As such, Danny and Sylvia: The Danny Kaye Musical is a pleasant, if lightweight, way to spend an evening. I’m not sure if there is a term for a theatrical production that is essentially a biographical sketch, but in motion pictures it would be called a biopic.
What makes this show worth the visit, at least to Danny Kaye fans (of which I am one) is the spot-on performance by Brian Childers as the iconic comic, especially when he is allowed to shine during several full-blown production numbers not written by McElwaine and Bain but that are associated with Kaye himself: “Tschaikowsky” from the Kurt Weill/Ira Gershwin musical Lady in the Dark, and songs like “Ballin’ the Jack” and “Minnie the Moocher.” Here Childers shows us all he’s got; right before our eyes, he becomes Danny Kaye in all his full glory. Gotta say, these performances lift the show to exceptional heights, at least until it slips back into biopic mode.

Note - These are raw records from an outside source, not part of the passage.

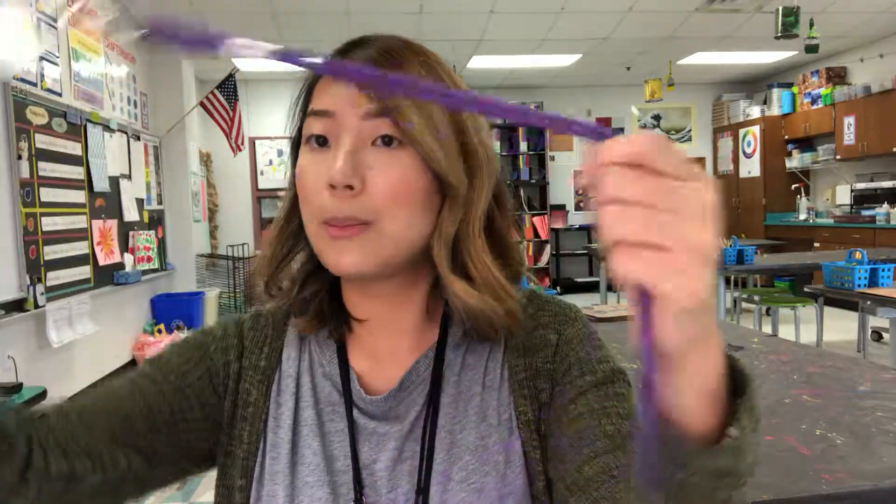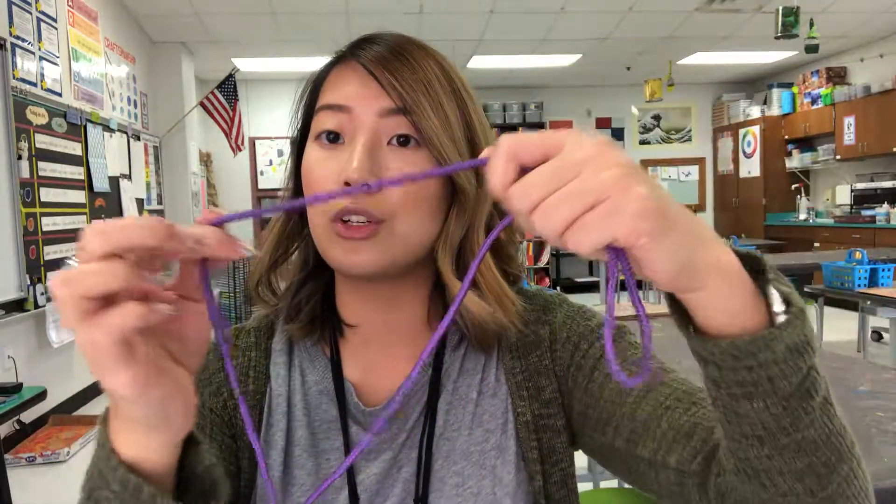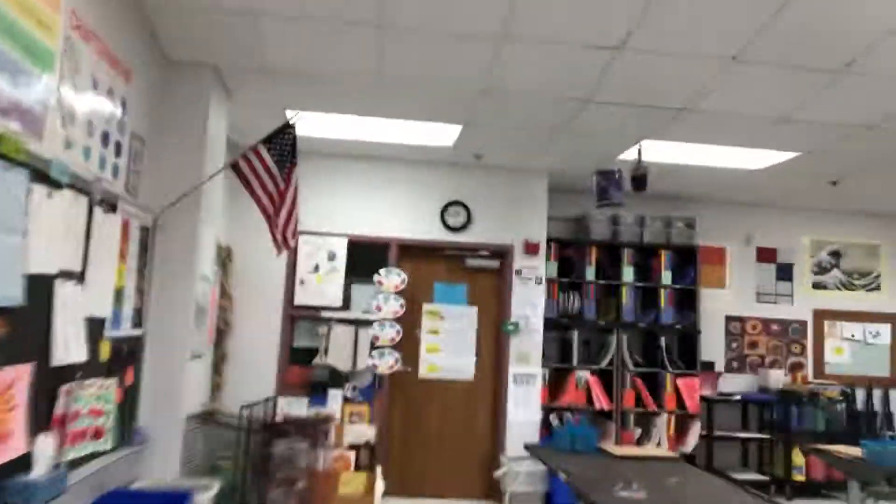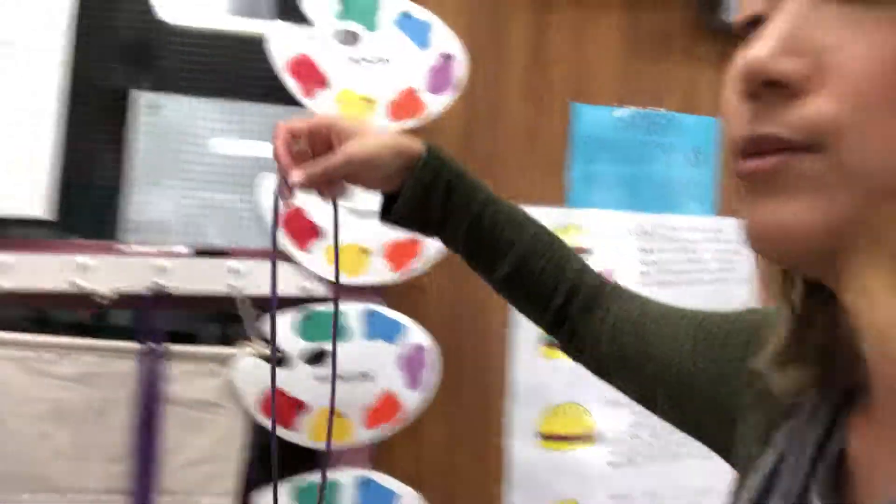Here are the badges — they look a little bit different. They are now on a purple string so that they're sturdier and stronger. After I do my demonstration of what we're doing in art, you are in charge of grabbing your own badge and putting it on yourself. At the end of class you are also in charge of putting it back by the door. All the badges are hanging right by the door on this rope right here. When you're finished, take your badge off and put it back.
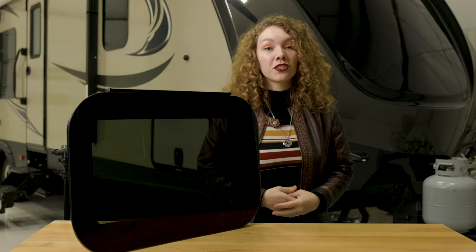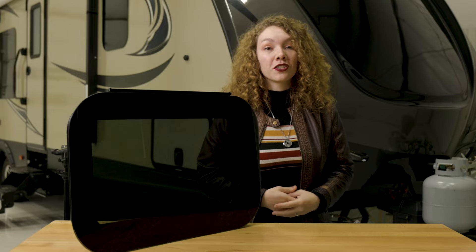If you want to find out more about this line, check out the link in the description, and then like, comment, and subscribe. And remember, when you're rolling down the road, roll with RecPro.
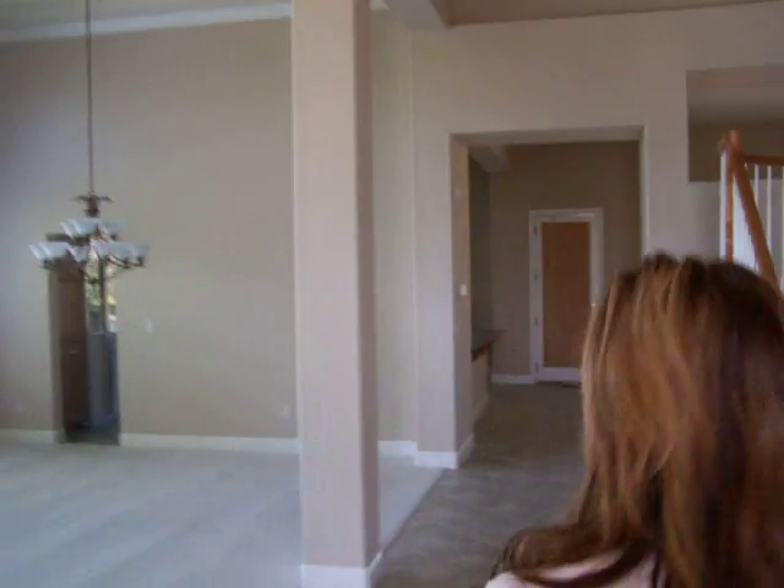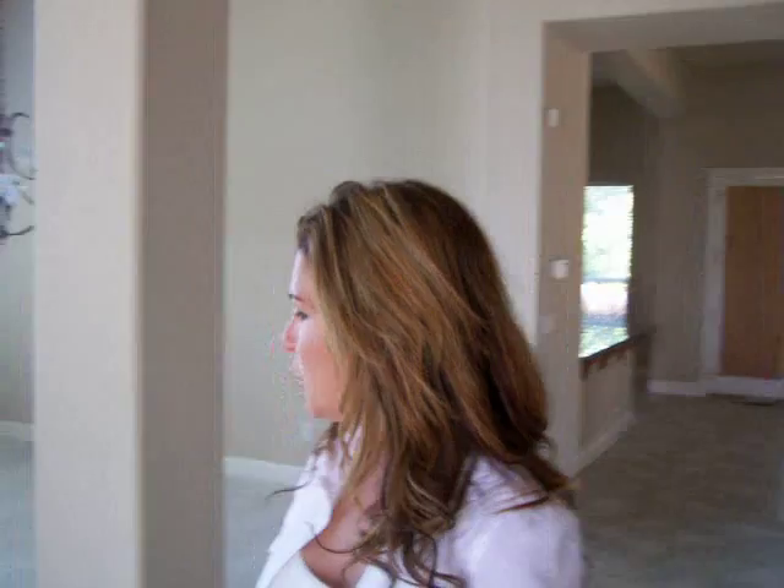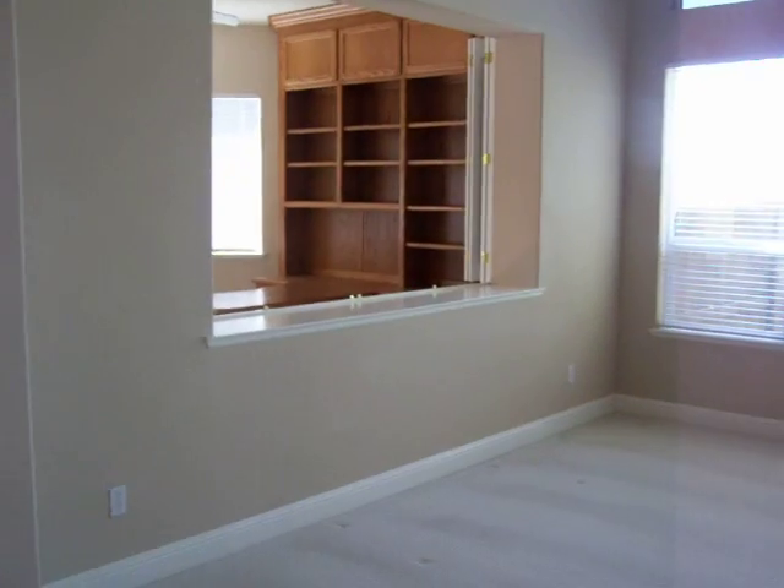This house is just under 4,000 square feet with a built-in pool. It has a master downstairs. We have a beautiful formal dining room, living room area with a study just off of that with built-in cabinetry and a desk. There is a beautiful view from one of the windows.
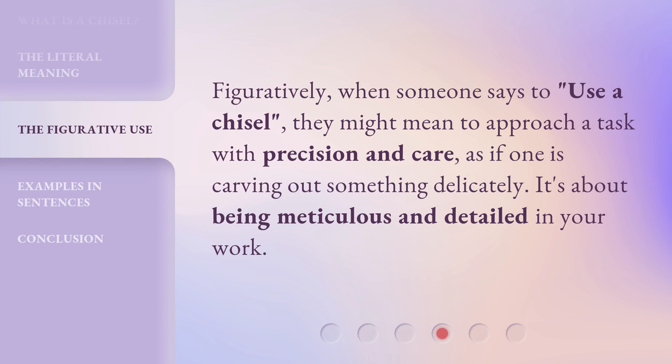Figuratively, when someone says to use a chisel, they might mean to approach a task with precision and care, as if one is carving out something delicately. It's about being meticulous and detailed in your work.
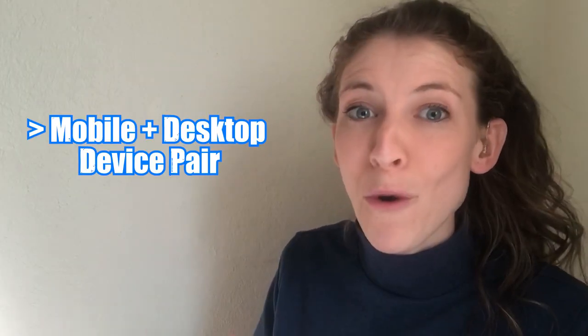Last but not least, there's the mobile and desktop device pairing feature. I don't use this one a lot, but it's there and it can be so helpful, especially with cross-device platform usage. You can put your devices next to each other, log into your account, and it will have the notes on both your mobile and your laptop or desktop. It's so nice to have all your information in easy-to-reach, accessible device locations.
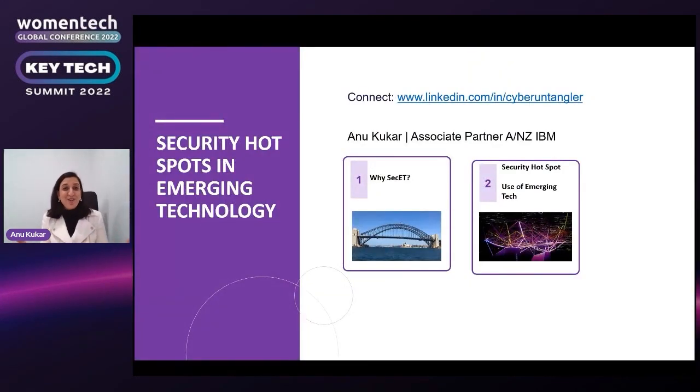Thank you so much. Those are five key takeaways — plus a bonus one — around security hotspots to look out for when using emerging technology. Given that emerging technology is used across digital and cloud transformations, more and more organizations are either starting or have already adopted it. If you found this useful and would like more tips, feel free to connect on LinkedIn where I share regular tips and news stories.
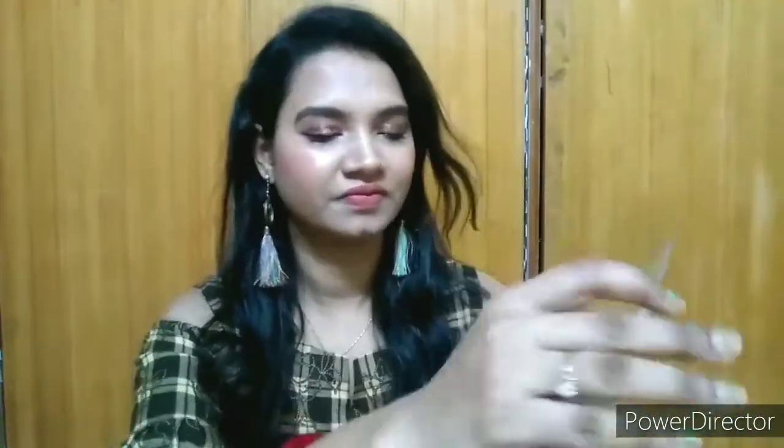The next product is a blush kit from Mars. The colors you can see are different shades of pink. These are very lovely colors — this one is like Barbie pink, great for marriages and functions. These two colors are very nice and very durable. Let me show you the pigmentation. Can you see how pigmented it is? I just took a little bit of product and swatched it — it's very pigmented.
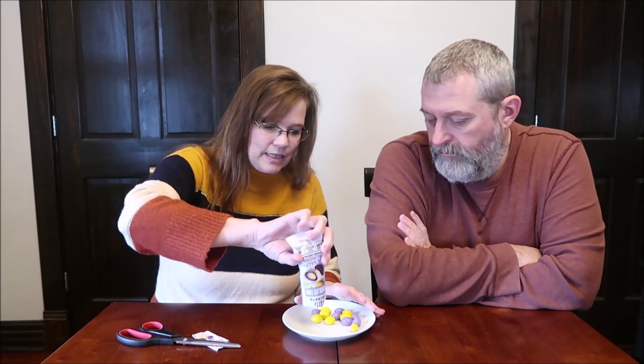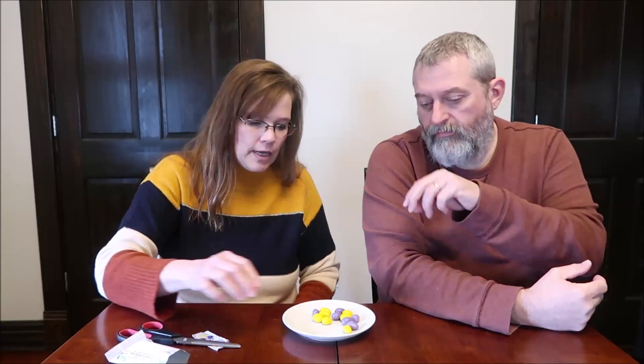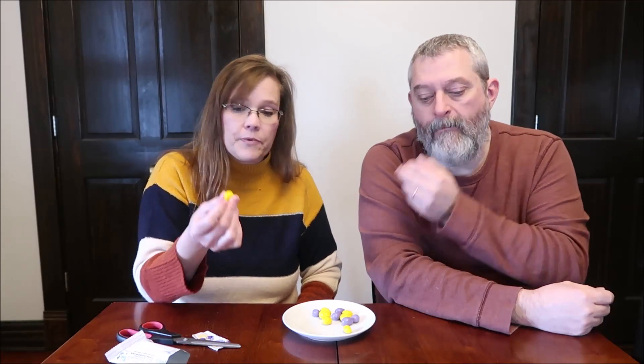I don't know why they show colors on the front — for some reason I wasn't expecting that. So these are purple and yellow. They're like peanut M&M's, except they're shaped more like eggs. Somewhat like eggs. The almond is very strong. Take a peanut M&M and put an almond in place — that's basically what this is.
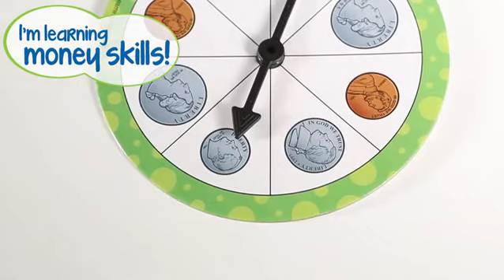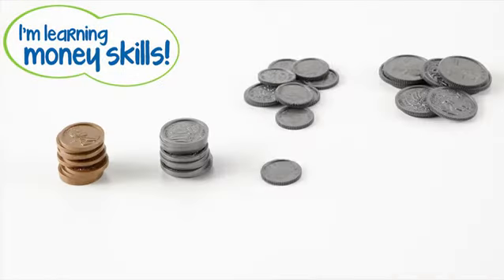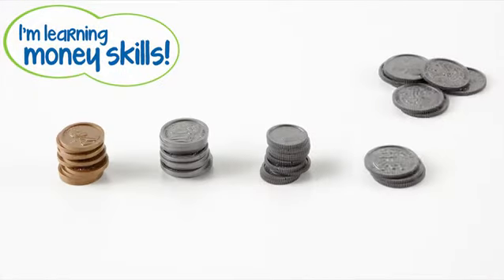I landed on a dime. It's worth 10 cents. These are dimes and these are quarters.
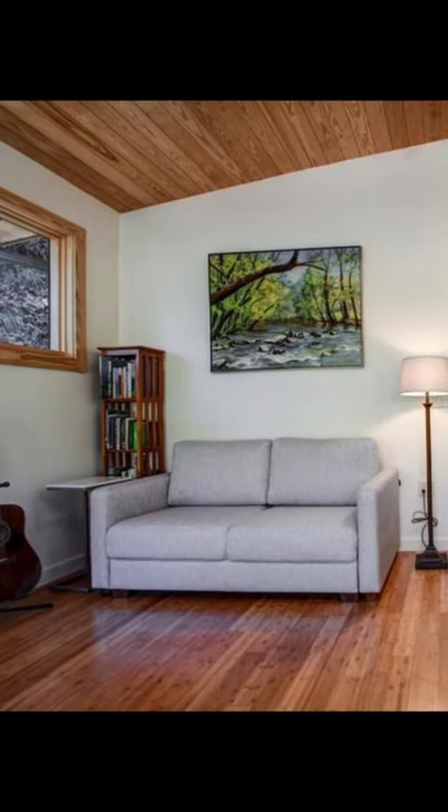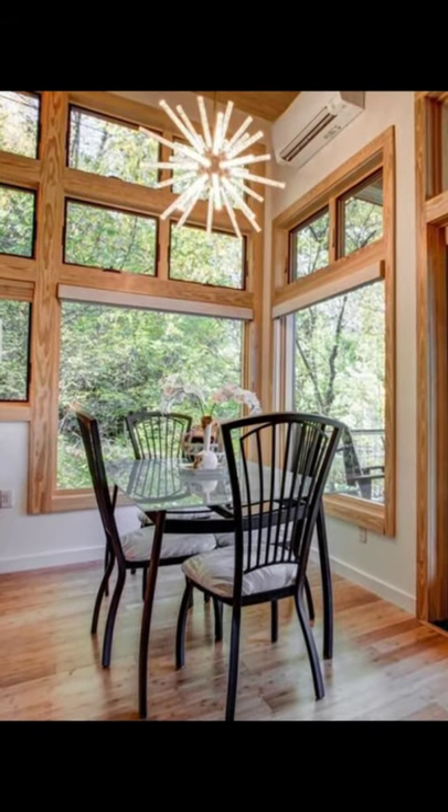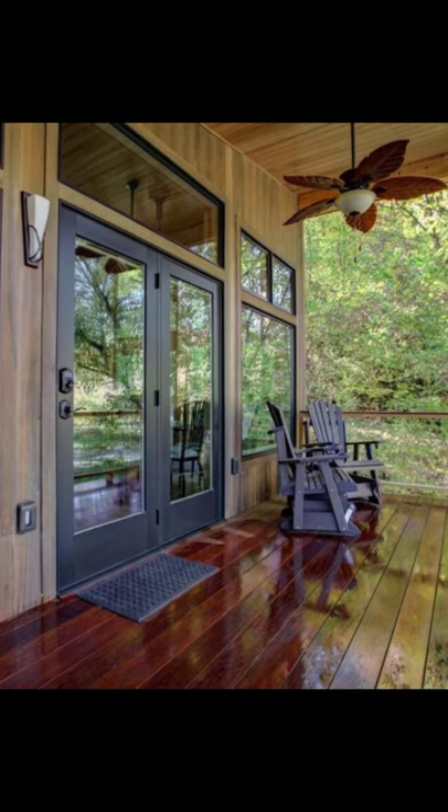The lovely cabin building can accommodate up to 4 guests with 1 bedroom and 1 bathroom. During your vacation stay, you'll have the entire cabin building to yourself.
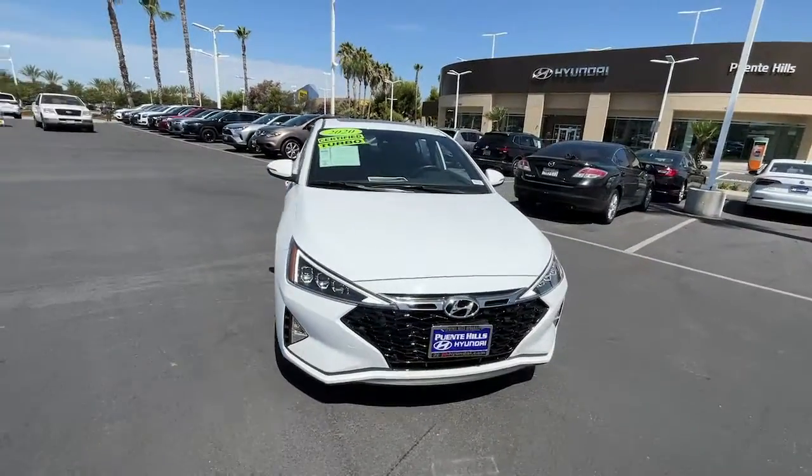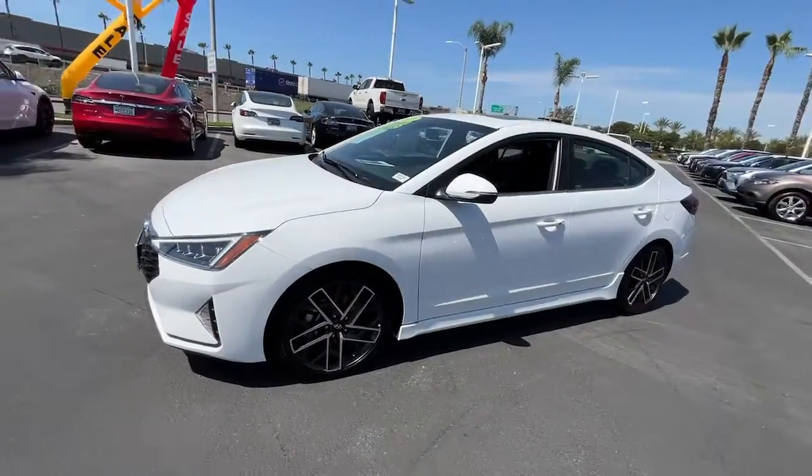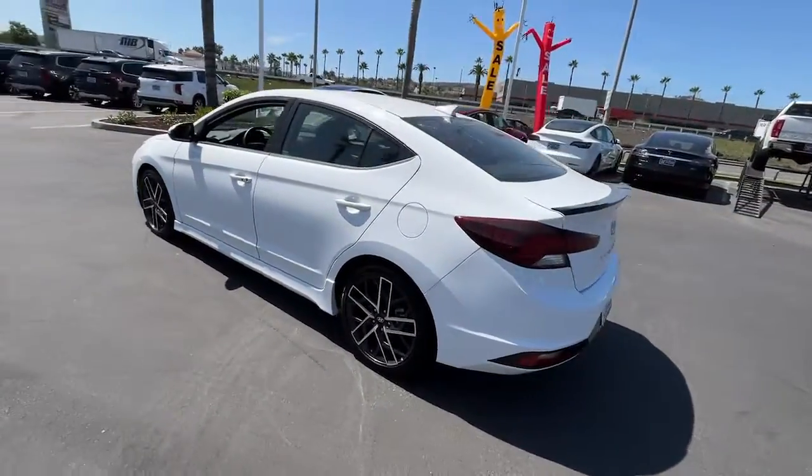Looking for your dream car? It could be the 2020 Hyundai Elantra. With less than 15,000 miles on the odometer, this vehicle provides excellent value.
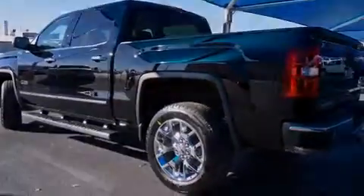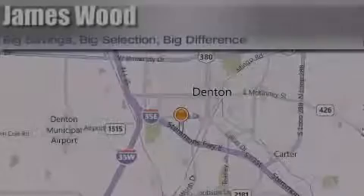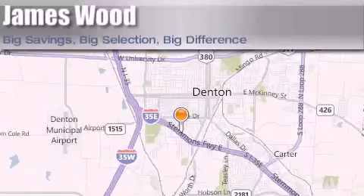Contact us today and schedule your opportunity to see this vehicle in person. James Wood Auto Park is located at 3906 Interstate 35E South in Denton. Our goal is to exceed all of your expectations to ensure that you'll return for future visits.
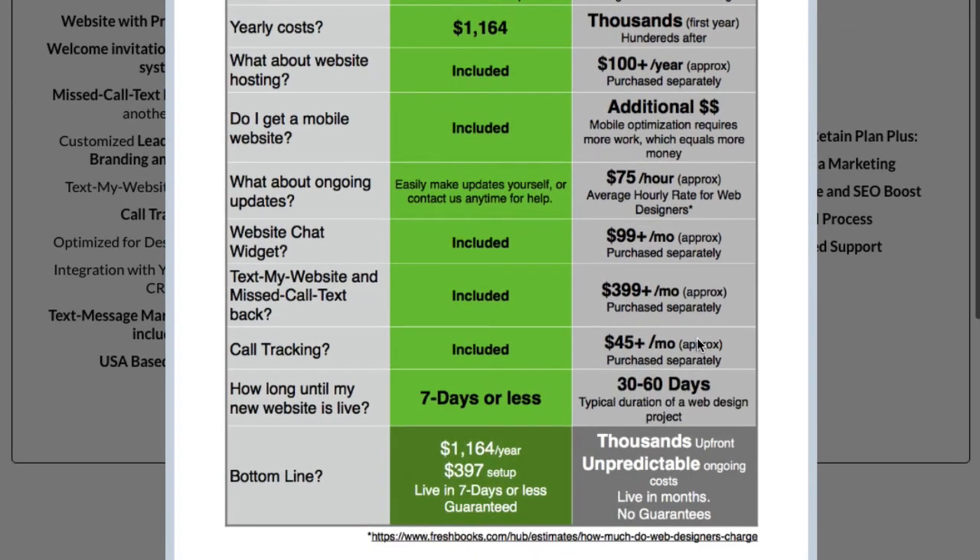Call tracking is typically $45 a month plus — again, we have that included in the $97 a month plan. And a lot of people want to know how long it's going to take to get a website. Our websites typically take seven days or less to be live. If you go with a local web designer, you're looking at at least 30 days, if not 60 or more days. So the bottom line is with HVAC Rocket, your out-of-pocket expense for the first year is $1,164 plus the $397 setup fee. There are no guarantees with most website designers, and with HVAC Rocket you've got a 30-day money back guarantee.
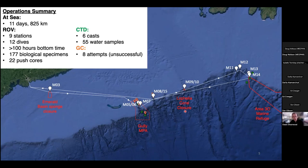As a summary of operations: we were at sea for 11 days total, transited 825 kilometers, visited nine stations, and conducted 12 successful science dives with over 100 hours of bottom time, collecting 177 biological specimens and 22 push cores for onboard experiments. Stations were focused around marine conservation areas such as the Emerald Basin sponge closure, the Gully Marine Protected Area, the Lophelia coral closure, and Area 3O in Newfoundland waters. In addition to ROV operations, we conducted six CTD casts collecting 55 water samples, and attempted gravity cores at eight locations, though all were unsuccessful due to coarse gravelly substrate.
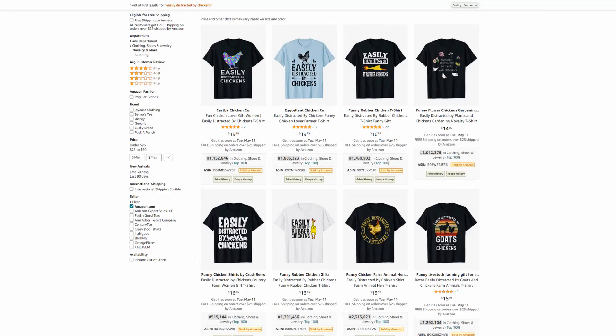Let's get started. Niche number 1: Easily distracted by chickens. This is a broad niche that has the largest number of sub-niches that I have ever seen. Other sub-niches I can suggest are: easily distracted by tractors, airplanes, cats, dogs, cows, and many more. You can also look at these designs and try to define the design templates that have been used here. Then you can use them in other niches to speed up your design-making process.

Kimberly Faye Greenberg gives a solid performance as Sylvia Fine, the sharp and smart foil to Danny’s creative but wild and undisciplined talent. But, really, don’t see Danny and Sylvia: The Danny Kaye Musical unless you understand the meaning of these words: “The pellet with the poison's in the flagon with the dragon; the vessel with the pestle has the brew that is true.” If you do, then go with my blessing.
Meanwhile, up the street at the Theatre at St. Clement’s, Jim Brochu channels the spirit of Samuel Joel Mostel, better known as Zero Mostel, in Zero Hour, written by Brochu and well-directed by actress Piper Laurie, who is credited with shepherding the play since its inception in 2005.
Let me be unambiguous: Zero Hour is the best one-person play since I Am My Own Wife. It is as rich and compelling a story as you will see on or off Broadway right now.
The conceit is this: An unseen reporter from The New York Times has come to interview Zero Mostel in the actor’s West 28th Street art studio in 1977, shortly before Mostel’s death later that same year. It is the story and the masterful telling of it, along with the excellent direction by Piper Laurie, that kept me and the audience around me totally engaged--sometimes in stitches from laughing, sometimes with moist eyes, sometimes both at the same time. A compelling and emotional retelling of the terrible impact of the blacklisting during the McCarthy era serves as a centerpiece, but the entire story and its performance from beginning to end make for a first-rate theater-going experience.
Seeing Danny and Sylvia: The Danny Kaye Story and Zero Hour during the same week was an intriguing experience. Kaye, born in 1913, and Mostel, born two years later, could not have gone in more different directions as first generation American Jews, both of them sons of Eastern European immigrant parents. Danny Kaye represents those who chose to become totally assimilated and Americanized, while Zero Mostel never dropped his Yiddish roots, even after marrying a Catholic woman and being shunned by his parents for the rest of their lives—an image that haunted him when, as Tevye in Fiddler on the Roof, he had to shun one of his daughters after she married outside the faith. That the spirits of both Kaye and Mostel should be in the spotlight at two churches just down the street from one another at the same time makes for a compelling juxtaposition to ponder.